Please give the lines below again exactly as they stand, from the one that contains "Βλησαρούλης Car Center" up to and including the one that contains "Fu&szlig;ball-Sticker: AL HAMADI", leaving all pictures out.

## DATASET RECORDS
#####

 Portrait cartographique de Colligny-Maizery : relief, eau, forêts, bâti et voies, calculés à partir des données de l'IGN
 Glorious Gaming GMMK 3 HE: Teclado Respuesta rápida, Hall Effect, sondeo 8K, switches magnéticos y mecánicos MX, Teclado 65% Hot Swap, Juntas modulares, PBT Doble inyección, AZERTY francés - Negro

#####

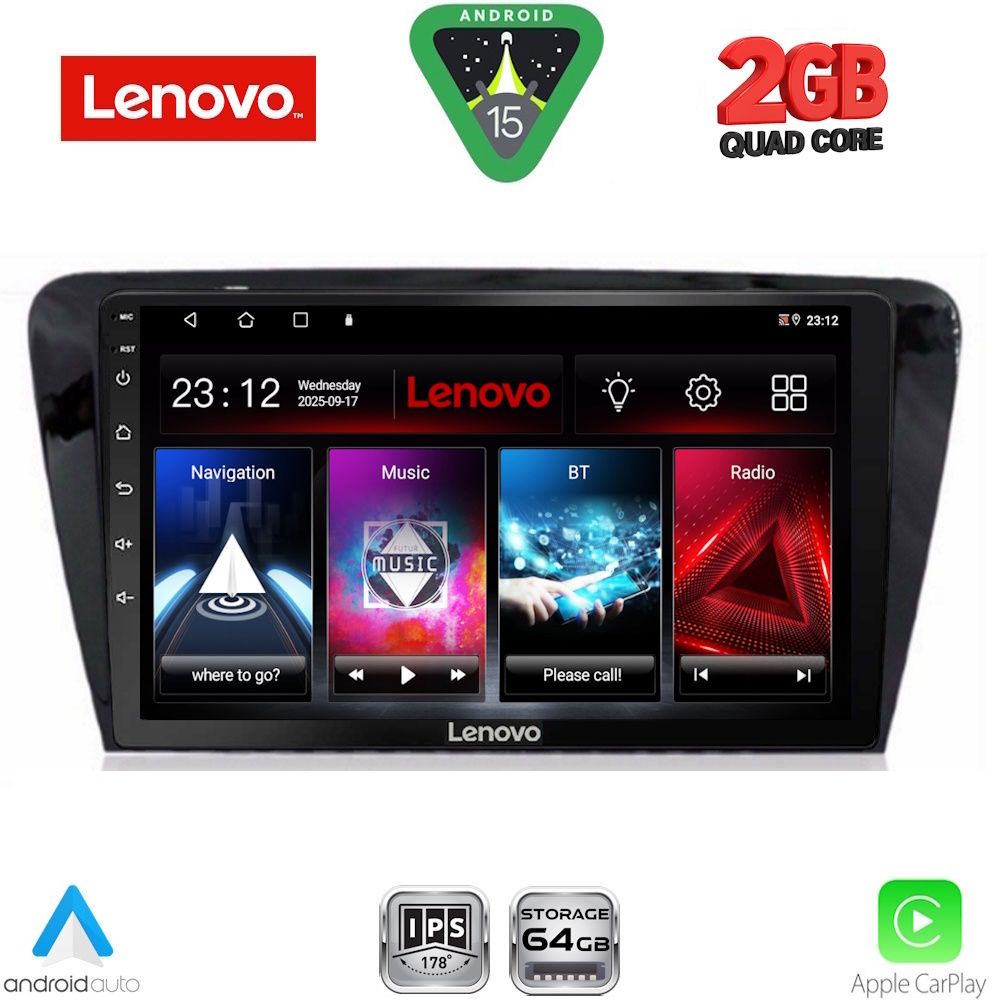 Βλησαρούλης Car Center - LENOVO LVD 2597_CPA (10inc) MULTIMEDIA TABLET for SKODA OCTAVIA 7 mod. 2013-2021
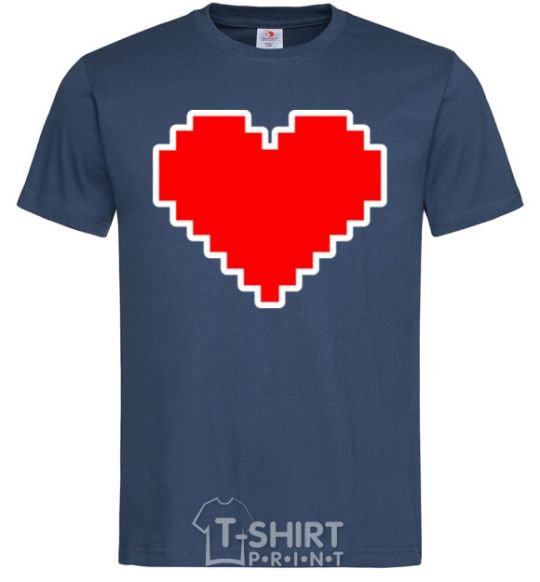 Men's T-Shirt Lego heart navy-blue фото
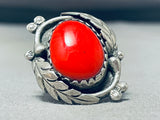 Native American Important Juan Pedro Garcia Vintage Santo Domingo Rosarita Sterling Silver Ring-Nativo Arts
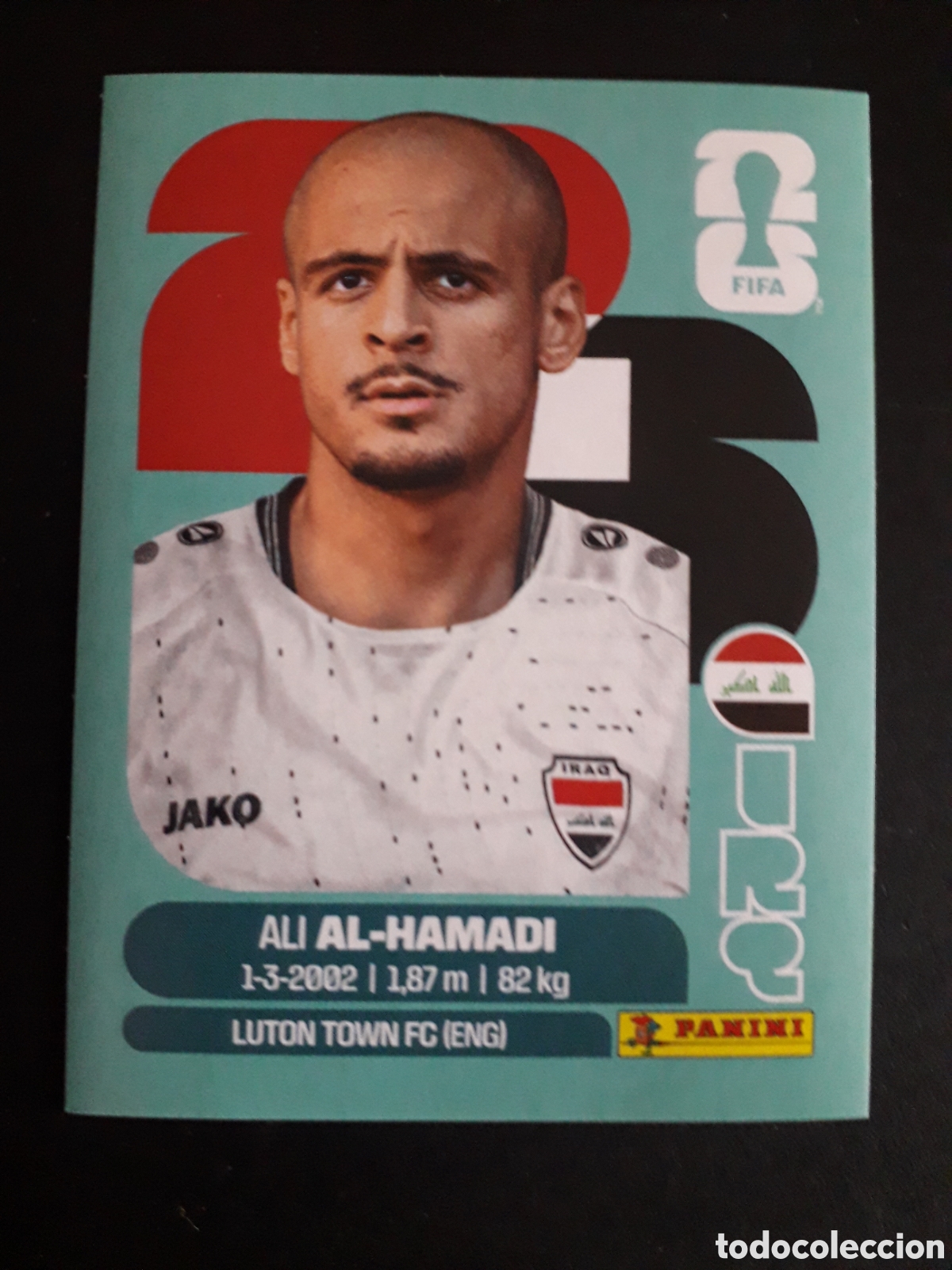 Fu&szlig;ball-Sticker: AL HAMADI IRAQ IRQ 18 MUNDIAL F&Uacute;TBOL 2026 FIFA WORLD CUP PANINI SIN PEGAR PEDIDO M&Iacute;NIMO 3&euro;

#####

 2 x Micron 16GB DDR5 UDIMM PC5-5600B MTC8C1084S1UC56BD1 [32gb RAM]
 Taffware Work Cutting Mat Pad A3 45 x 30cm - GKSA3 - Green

#####

## TASK RESPONSE
 Βλησαρούλης Car Center - LENOVO LVD 2597_CPA (10inc) MULTIMEDIA TABLET for SKODA OCTAVIA 7 mod. 2013-2021
 Men's T-Shirt Lego heart navy-blue фото
 Native American Important Juan Pedro Garcia Vintage Santo Domingo Rosarita Sterling Silver Ring-Nativo Arts
 Fu&szlig;ball-Sticker: AL HAMADI IRAQ IRQ 18 MUNDIAL F&Uacute;TBOL 2026 FIFA WORLD CUP PANINI SIN PEGAR PEDIDO M&Iacute;NIMO 3&euro;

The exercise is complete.